I’d also set out to be a master communicator in person because I tend to communicate best with writing and that doesn’t always go over well when you’re with people face to face.
I wonder how many other introverts that are out there struggling with anxiety or fear and maybe using their introversion to keep them in their safety zone.
It’s like you want to experience new things, get out there and mingle, and pursue your passions. However, the fear keeps you sitting at home night after night.
If so, you’re not alone.
In fact, there are plenty of introverts in the world that struggle with feeling balanced when it comes to socialization. My best advice is to accept that you’re introverted and create a social plan that works uniquely for you.
Today, you can even socialize online quite easily. Everyone is different, so what works for me may not be what you need.
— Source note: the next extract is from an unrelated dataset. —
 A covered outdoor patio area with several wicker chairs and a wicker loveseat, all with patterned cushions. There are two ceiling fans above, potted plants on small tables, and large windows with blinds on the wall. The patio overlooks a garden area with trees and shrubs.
To help you feel less alone, the following are some things that I’ve been through as I’ve been trying to find that delicate balance of staying home alone and mixing it up with friends or family.
I believe we need introverts. We balance out society. We are the deep thinkers. The feelers. Oftentimes extremely empathic, people come to us to vent their feelings and get some comfort.
I think we should all get to know ourselves and our social wiring better. For example, when my brain gets too stimulated, I tend to feel very anxious inside and my first inclination is to bolt. No offense to what’s going on; it’s physiological.
But, who’s to say that introverts can’t re-train the brain to be alright with more stimulation?
And what about balance? Sure, I love to read a book while lounging on the beach, but I also love to see some live music with a bunch of people and maybe even dance a jig or two. I’ve learned it doesn’t have to be one or the other, but both/and.
I think that’s what we can all aim for, more balance.
If you’re an introvert, I think that’s wonderful. If you’re an extrovert, I think that’s wonderful too. Life is not better if you’re one or the other. Both are equally amazing! We’re all different and we all have different goals and purposes in this life, so keep an open mind for the greater good of humanity.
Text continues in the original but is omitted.